Tremonti may be troublesome
Politics hath no fury like a finance minister scorned. So it was with Germany's Oskar Lafontaine, kicked out by chancellor Gerhard Schröder, in 1999 and today the scourge of his ruling Social Democrats. Now Italy's Giulio Tremonti may follow suit.
Prime minister Silvio Berlusconi sacrificed Tremonti in July after a stab in the back from Gianfranco Fini, deputy prime minister in his centre-right coalition.
It was in any event a hard decision for Berlusconi, who hates making cabinet changes.
Moreover, Tremonti had played an invaluable role in stabilising the coalition by staying on the best of terms with Umberto Bossi, the rambunctious Northern League leader who has regularly threatened to pull his party out of the government.
Observer's person in the piazza says Tremonti is quietly preparing a return to the political limelight, using his friendship with Bossi as a platform.
National elections are due in Italy by May 2006. The word is that Tremonti may align himself with Bossi in what would be a new rightist alliance in the north of the country.
Tremonti was a loyal lieutenant in Berlusconi's Forza Italia party, so no one is - yet - suggesting that he's out to harm the prime minister.
Rather, Tremonti's apparent target is Fini, who has long-term ambitions to replace Berlusconi as leader of the centre-right.
Book your tickets now to watch the Tremonti vs Fini rematch.
Zalm in a jam
It helps to have a sense of humour if you are a eurozone finance minister these days.

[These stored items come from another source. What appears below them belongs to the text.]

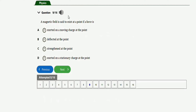The next question says: a magnetic field is said to exist at a point if a force is — option A: exerted on a moving charge at the point; option B: deflected at the point; option C: strengthened at the point; option D: exerted on a stationary charge at the point. The right option is option A — exerted on a moving charge at the point.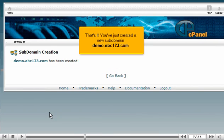That's it! You've just created a new subdomain demo.abc123.com.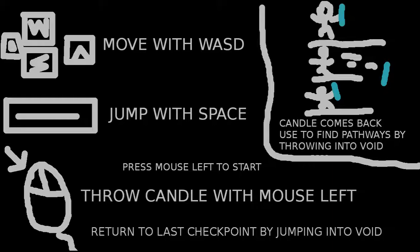Okay, this is out of the way. So they are basically standard controls. WASD to move, jump, jump with space. Then, yeah, apparently you throw candles with the left mouse button. And you can return to the last checkpoint by jumping into the void. It also tells you that the candle comes back. Yeah, so we can throw it into the void to pathfind. So let us actually now jump into the game.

The Netherlands' jocular Gerrit Zalm made light of his late arrival at a bash in Amsterdam yesterday to debate the "successes, lessons and challenges" of five years of the euro.

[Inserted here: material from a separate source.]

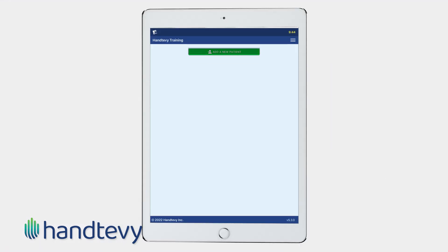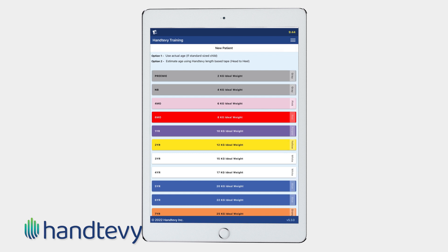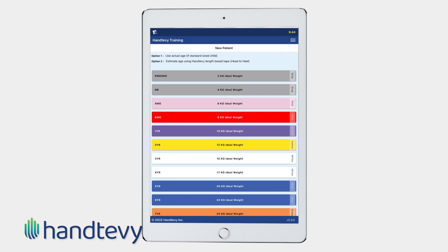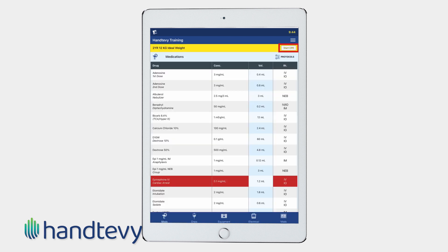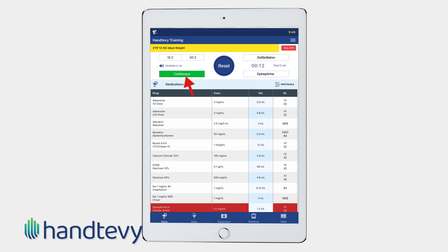On your way to the call, begin by selecting a new patient, then select the age and simply start CPR. As soon as you make patient contact, the metronome compression rate can easily be changed between 15 to 2, 30 to 2, or continuous once an advanced airway has been placed.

Zalm was held up by heavy traffic on the motorway from The Hague. "It is a sign of growing economic activity," he quipped.
Few other speakers dwelt on the sclerotic growth or stubbornly high unemployment endured in the eurozone since the introduction of the single currency. Instead, there was much back-slapping about the taming of inflation.

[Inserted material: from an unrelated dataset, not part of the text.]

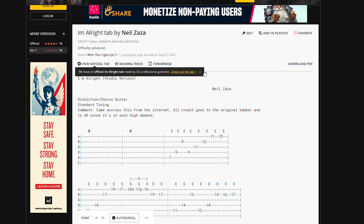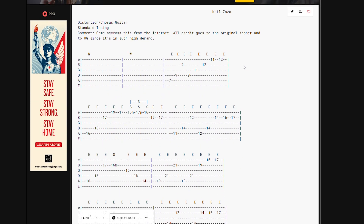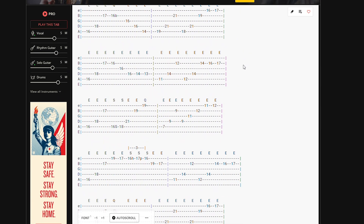Ganun yung pagsipra ko ng gitara kasi mas madali. Guitar Pro 6 kasi marinig mo yung mga notes. Hindi ka na kailangang basahin ang bawat note na parang sa dati nating Ultimate Guitar. At minsan magkakamali ka pa sa pagtipa.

Wim Duisenberg, the European Central Bank's first ECB president, shambled out of retirement to proclaim that "the euro has been a success from the start".
He has ended his purdah and is speaking in Madrid and Toronto in the next few weeks. This follows a trip to Kuala Lumpur last month, where he lectured on "The euro and Asia".
Duisenberg has certainly started clocking up the air miles since joining the board of Air France/KLM in June.
As much as they love him - and they do, even after a year in the job - most Californians think governor Arnold Schwarzenegger should stop talking about foreign-born citizens getting a shot at the presidency.
The latest Field poll shows 60 per cent in the state opposed to the idea of changing the constitution, which allows a run for the White House only by born-in-the-USA candidates.
While attempts to amend the provision are under way in Congress, Schwarzenegger has limited his contribution to suggestions that at least there should be a national debate on the subject. Having heard the opinion of an electorate not exactly famed for its orthodoxy, he can probably guess at the response from the boondock states.
The odd thing is that a large majority said they would not vote for him even if the rules were changed. All the odder because, on the first anniversary of his election, 65 per cent say they think he's doing a good job as governor. This number has not changed since May. And for the first time in three years, a plurality of voters (46 per cent) believe California is heading in the right direction.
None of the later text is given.